Because of its potential, urea can reduce feed costs by replacing vegetable protein sources like soybean meal in diets [4, 5]. Urea is a non-protein nitrogen source that ruminants can consume; however, it is inefficiently used and poses dangers due to its high rumen solubility. Hailemariam et al. [6] reported that direct feeding of urea causes rapid ruminal decomposition, which can result in inefficient nitrogen use and hyperammonemia. Additionally, Hynes et al. [7] noted that the high solubility of urea leads to excess nitrogen in the rumen, causing toxicity and energy wastage, as energy is required to eliminate excess ammonia from the blood. This results in negative environmental, health, and economic impacts.
Urea releases ammonia (NH₃) more rapidly than rumen microbes can utilize it for protein synthesis [8]. Therefore, it is crucial to slow its release by synchronizing it with energy sources in the rumen. Improving nitrogen consumption efficiency in the rumen relies on the synchronization of carbohydrate decomposition and nitrogen availability [9].

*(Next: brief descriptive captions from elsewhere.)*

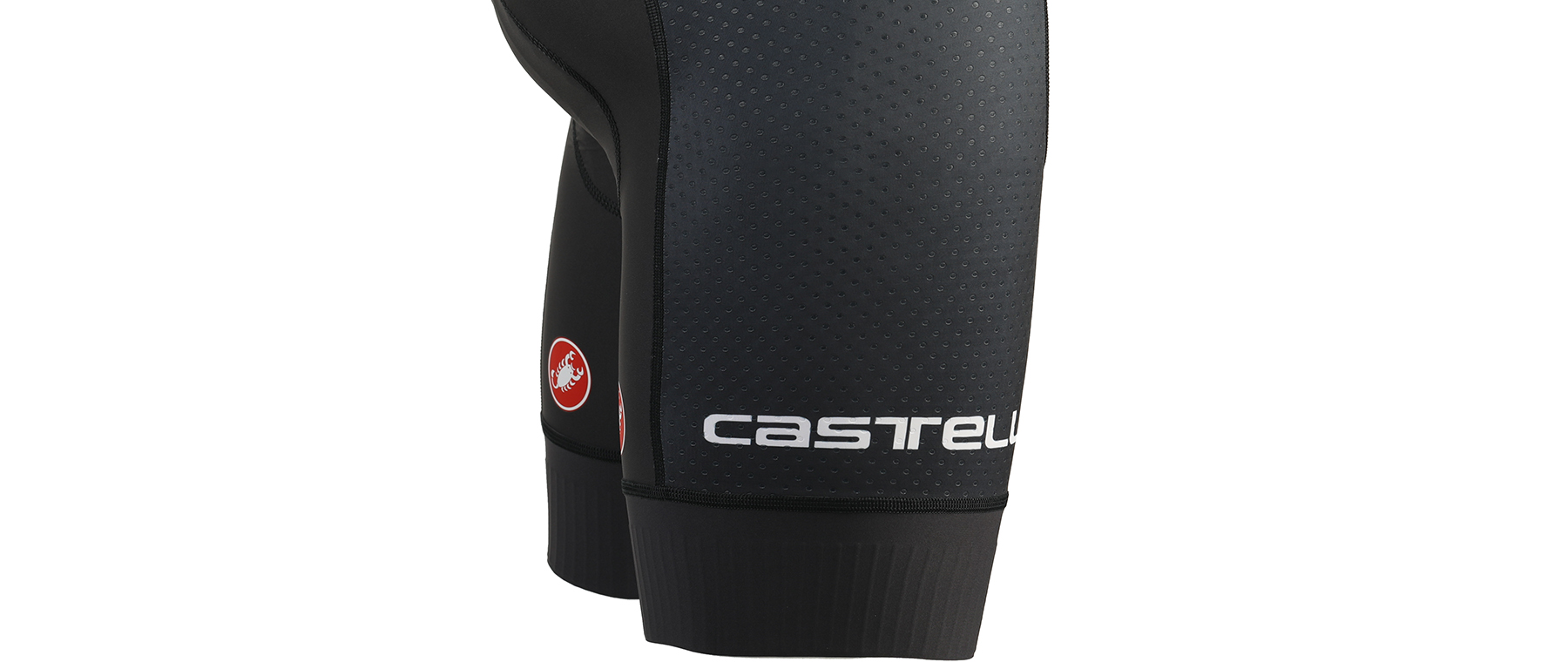 Castelli Free Aero Race 4 Team Bib Shorts Excel Sports | Shop Online From Boulder Colorado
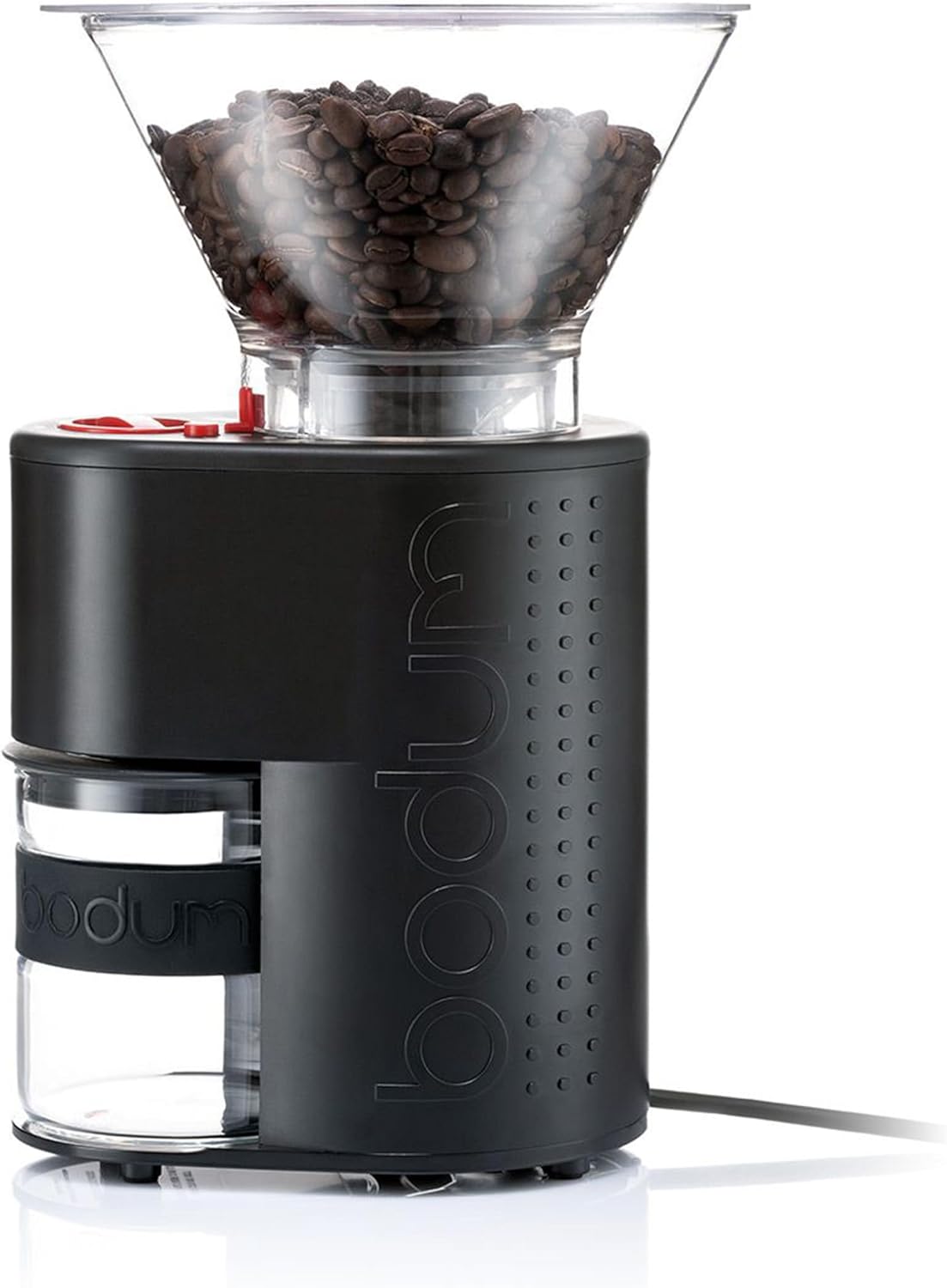 1台多役 超静音 水洗浄分離設計 コーヒーミル300W 楽天市場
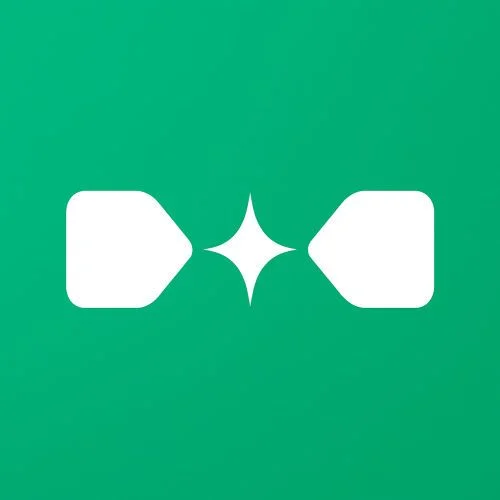 Career Concierge - Uncategorized Launched logo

A more slowly degradable type of urea has long been sought after, promoting better incorporation of ammonia into microbial protein synthesis while reducing urea excretion in urine [2]. According to Gonçalves et al. [10], products designed for controlled urea release are generally referred to as slow-release urea (SRU). These products enhance nitrogen utilization by rumen microorganisms and improve microbial protein synthesis. However, developing SRU products is challenging, as it requires controlling the gradual release of NH₃ without excessively limiting urea degradation in the rumen [11]. Slow-release urea provides a continuous nitrogen supply to rumen microbes, leading to greater microbial protein production for the host animal [12, 13]. According to Niazifar et al. [14], the price of SRU products is a determining factor in whether or not people will buy them instead of more traditional plant protein sources. To better satisfy the nutritional demands of ruminants, it would be beneficial to produce locally created SRU products at a cheaper cost than imported alternatives. This would encourage more farmers to use them.

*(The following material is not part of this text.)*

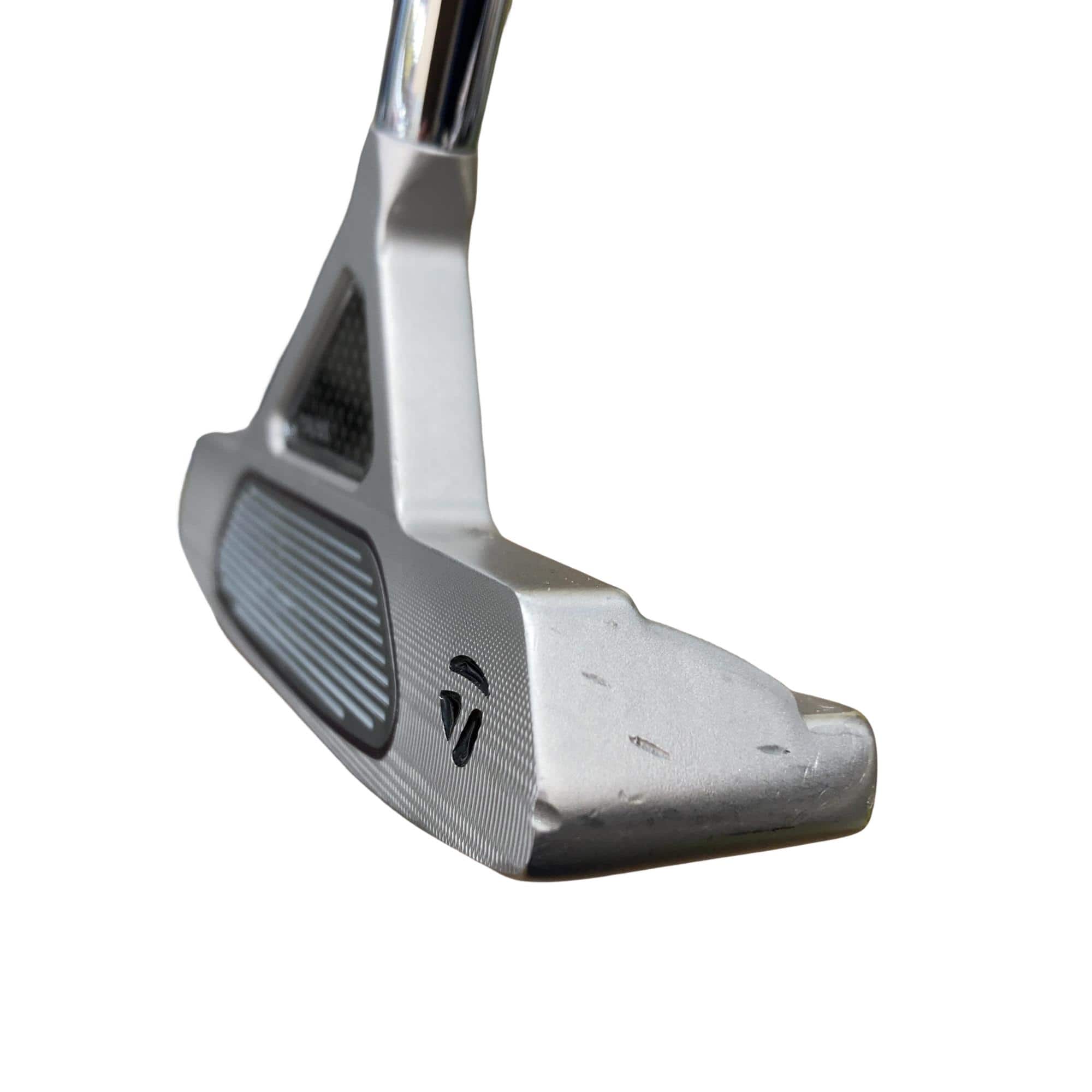 �s�o�@�s�q�t�r�r�@�a�P�s�b�@�R�S�C���`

Banana corm, the basal part of the banana plant, is often considered an underutilized agricultural byproduct [15]. Here, the mother banana plant grows clusters of juvenile plants called "suckers" that will eventually take over the world. The juvenile suckers get the nourishment they need from the stored nutrients in the corm [16].
Banana corm contains significant nutrients, including 91.56% dry matter, 1.72% crude protein (CP), 7.98% crude fiber (CF), 1.15% ether extract (EE), and 88.16% carbohydrates [17]. A product that releases ammonia more slowly, enhancing synchronization between the two substances, might be made by combining banana corm flour with urea by boiling or heating. Cooking enhances the gelatinization of banana corm starch, thereby slowing carbohydrate degradation and increasing urea utilization efficiency. Soeharsono [18] explained that during gelatinization, water molecules penetrate starch granules, allowing soluble protein molecules to become trapped within the gel structure, effectively regulating their release.
Based on the physicochemical properties of starch and the nitrogen characteristics of urea, it is hypothesized that cooking banana corm flour with urea promotes starch gelatinization, which encapsulates urea molecules within the starch matrix. This structural entrapment is expected to regulate the rate of ammonia release in the rumen, thereby synchronizing nitrogen supply with energy availability from carbohydrates. Therefore, this study aimed to verify whether this cooking-induced physicochemical interaction can effectively slow ammonia release and to systematically evaluate its impact on the nutritional composition and in vitro fermentation parameters. This approach represents a locally feasible innovation for developing cost-effective slow-release urea supplements for ruminant nutrition.
The materials used in this study included banana corm flour, urea, and water. The equipment consisted of Bell-brand HDPE heat-resistant plastic, scales, stoves, basins, stirrers, and laboratory analysis tools. Banana corm flour was prepared according to the procedure outlined by Fajrih et al. [19]. The banana corms used were from the Kepok banana species (Musa paradisiaca), sourced from the area around Kupang City, Indonesia. A thorough washing under running water was performed on the fresh Kepok banana corms to remove any dirt. After cleaning the banana corms, we sliced them into pieces around half a centimeter thick and sun-dried them for three days. Once dried, they were ground into flour using a grinder.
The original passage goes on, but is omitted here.